Ou seja, a presente oposição não pode ser julgada, de mérito ou de forma, até que o órgão de execução fiscal decida a questão da apensação das execuções, o que se lhe impõe por dever de ofício. Razão por que o Mmº Juiz deve solicitar ao órgão de execução fiscal que se pronuncie sobre a requerida apensação, devendo estes autos de oposição aguardar por tal decisão. Só depois de se concluir, com decisão transitada em julgado, que tal apensação não é possível ou viável (o que significa que se houver reclamação de eventual decisão de improcedência haverá que aguardar pelo trânsito em julgado dessa decisão) é que poderá ser decidida a questão suscitada pela Fazenda Pública no tocante à não apensação das execuções. E caso o órgão de execução fiscal não se pronuncie sobre a questão da apensação (por negligência ou por se recusar a fazê-lo), então deverá o próprio Juiz certificar-se da verificação dos requisitos previstos nos nsº 1 e 2 do artigo 179º do CPPT e ordenar o prosseguimento da oposição relativamente a todas as execuções, incumbindo o órgão de execução fiscal de posteriormente adequar a tramitação das diversas execuções entre si.

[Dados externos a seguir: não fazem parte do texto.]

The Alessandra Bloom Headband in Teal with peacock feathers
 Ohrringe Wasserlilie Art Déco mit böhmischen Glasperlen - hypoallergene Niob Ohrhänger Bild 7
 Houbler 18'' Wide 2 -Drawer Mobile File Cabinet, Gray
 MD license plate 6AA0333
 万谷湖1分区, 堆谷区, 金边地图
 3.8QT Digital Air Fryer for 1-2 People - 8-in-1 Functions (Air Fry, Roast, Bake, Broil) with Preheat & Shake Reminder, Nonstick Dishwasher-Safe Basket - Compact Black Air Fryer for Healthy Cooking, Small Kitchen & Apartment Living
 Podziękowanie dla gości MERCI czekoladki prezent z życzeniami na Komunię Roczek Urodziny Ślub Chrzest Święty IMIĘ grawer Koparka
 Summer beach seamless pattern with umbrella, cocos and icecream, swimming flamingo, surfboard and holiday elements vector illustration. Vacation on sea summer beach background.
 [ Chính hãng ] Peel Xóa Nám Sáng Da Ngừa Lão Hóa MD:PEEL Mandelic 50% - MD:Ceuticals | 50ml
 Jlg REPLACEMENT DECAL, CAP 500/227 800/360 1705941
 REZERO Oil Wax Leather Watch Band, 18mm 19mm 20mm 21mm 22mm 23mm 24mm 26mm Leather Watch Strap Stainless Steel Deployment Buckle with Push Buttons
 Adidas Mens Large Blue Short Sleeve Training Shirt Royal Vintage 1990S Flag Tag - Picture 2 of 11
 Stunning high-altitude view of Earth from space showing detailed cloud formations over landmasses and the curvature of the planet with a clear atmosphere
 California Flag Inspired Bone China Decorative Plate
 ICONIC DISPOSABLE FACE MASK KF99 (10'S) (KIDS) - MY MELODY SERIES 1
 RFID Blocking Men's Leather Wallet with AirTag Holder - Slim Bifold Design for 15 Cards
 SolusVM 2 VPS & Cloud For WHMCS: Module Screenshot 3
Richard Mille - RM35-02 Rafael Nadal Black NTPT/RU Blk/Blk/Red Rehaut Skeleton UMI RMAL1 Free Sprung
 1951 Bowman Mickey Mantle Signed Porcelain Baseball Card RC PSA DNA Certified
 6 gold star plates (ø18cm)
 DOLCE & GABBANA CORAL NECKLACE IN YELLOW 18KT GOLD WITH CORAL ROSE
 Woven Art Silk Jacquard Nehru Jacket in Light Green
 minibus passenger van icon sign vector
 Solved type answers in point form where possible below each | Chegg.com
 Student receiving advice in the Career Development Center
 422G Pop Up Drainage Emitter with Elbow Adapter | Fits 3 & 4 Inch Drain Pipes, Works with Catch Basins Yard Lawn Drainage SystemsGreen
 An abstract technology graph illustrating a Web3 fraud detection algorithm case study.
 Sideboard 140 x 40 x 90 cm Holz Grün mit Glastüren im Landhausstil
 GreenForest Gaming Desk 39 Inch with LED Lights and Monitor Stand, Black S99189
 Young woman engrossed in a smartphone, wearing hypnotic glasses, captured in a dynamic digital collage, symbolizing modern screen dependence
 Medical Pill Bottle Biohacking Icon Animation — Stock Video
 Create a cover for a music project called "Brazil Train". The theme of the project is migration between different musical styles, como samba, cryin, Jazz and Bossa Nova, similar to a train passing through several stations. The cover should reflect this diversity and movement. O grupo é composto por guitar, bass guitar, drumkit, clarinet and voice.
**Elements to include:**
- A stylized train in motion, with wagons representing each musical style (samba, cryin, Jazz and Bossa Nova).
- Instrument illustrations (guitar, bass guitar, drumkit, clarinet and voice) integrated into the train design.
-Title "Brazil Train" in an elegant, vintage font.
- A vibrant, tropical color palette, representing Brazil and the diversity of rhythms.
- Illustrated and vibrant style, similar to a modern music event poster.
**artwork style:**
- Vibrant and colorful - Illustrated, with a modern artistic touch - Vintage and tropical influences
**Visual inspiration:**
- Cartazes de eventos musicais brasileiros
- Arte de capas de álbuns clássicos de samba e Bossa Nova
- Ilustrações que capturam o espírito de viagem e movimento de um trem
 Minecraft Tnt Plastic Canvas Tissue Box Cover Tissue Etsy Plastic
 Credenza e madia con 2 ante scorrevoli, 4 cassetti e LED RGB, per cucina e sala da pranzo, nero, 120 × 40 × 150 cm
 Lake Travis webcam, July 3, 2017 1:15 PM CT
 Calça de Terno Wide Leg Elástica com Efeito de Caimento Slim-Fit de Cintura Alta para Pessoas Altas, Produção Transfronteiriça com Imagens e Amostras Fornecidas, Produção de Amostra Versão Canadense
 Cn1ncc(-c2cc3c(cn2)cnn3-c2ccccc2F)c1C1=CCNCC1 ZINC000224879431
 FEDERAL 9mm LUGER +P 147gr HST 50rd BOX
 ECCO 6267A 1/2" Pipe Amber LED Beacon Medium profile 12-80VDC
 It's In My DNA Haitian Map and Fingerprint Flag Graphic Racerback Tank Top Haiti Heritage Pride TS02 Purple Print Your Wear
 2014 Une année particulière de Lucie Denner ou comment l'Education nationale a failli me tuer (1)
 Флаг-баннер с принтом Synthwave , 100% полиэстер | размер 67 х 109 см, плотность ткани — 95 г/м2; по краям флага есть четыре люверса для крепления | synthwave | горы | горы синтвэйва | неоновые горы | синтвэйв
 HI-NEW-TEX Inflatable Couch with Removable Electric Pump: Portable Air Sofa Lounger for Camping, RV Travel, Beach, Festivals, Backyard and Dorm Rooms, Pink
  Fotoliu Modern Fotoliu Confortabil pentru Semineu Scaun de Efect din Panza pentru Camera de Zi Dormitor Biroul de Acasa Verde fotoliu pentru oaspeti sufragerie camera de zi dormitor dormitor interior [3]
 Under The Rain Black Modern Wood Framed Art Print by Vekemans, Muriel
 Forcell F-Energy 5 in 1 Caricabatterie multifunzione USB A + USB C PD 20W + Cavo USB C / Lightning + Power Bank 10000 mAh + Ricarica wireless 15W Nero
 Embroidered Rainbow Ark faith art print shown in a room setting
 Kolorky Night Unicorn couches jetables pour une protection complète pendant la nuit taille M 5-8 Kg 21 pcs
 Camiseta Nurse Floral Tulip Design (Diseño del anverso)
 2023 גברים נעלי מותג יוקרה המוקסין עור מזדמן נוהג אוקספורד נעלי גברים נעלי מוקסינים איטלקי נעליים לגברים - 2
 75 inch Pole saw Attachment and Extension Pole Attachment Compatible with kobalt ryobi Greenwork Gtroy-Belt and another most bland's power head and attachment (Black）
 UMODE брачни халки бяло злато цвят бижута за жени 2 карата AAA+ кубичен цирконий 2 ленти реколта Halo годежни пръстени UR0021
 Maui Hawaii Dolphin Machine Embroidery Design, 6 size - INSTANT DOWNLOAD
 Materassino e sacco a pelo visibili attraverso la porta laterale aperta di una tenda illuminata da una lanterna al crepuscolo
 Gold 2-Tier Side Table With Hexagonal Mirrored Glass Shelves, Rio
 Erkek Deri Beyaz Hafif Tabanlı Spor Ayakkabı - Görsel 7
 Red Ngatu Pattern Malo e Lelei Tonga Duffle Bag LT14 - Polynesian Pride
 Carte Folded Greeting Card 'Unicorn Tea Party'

Termos em que se impõe a revogação da decisão recorrida.


- Decisão -

7 - Termos em que, face ao exposto, acordam os juízes da Secção de Contencioso Tributário do Supremo Tribunal Administrativo em conceder provimento ao recurso, revogar a decisão recorrida e ordenar a baixa dos autos ao Tribunal “a quo”, para que seja solicitado ao órgão de execução fiscal pronúncia sobre a requerida apensação das diversas execuções, fixando-lhe um prazo peremptório para o fazer se ainda não tiver sido proferida tal decisão, seguindo-se, se necessário, a tramitação anteriormente descrita.

Sem custas.

Lisboa, 10 de Maio de 2017. – Isabel Marques da Silva (relatora) – Pedro Delgado – Dulce Neto.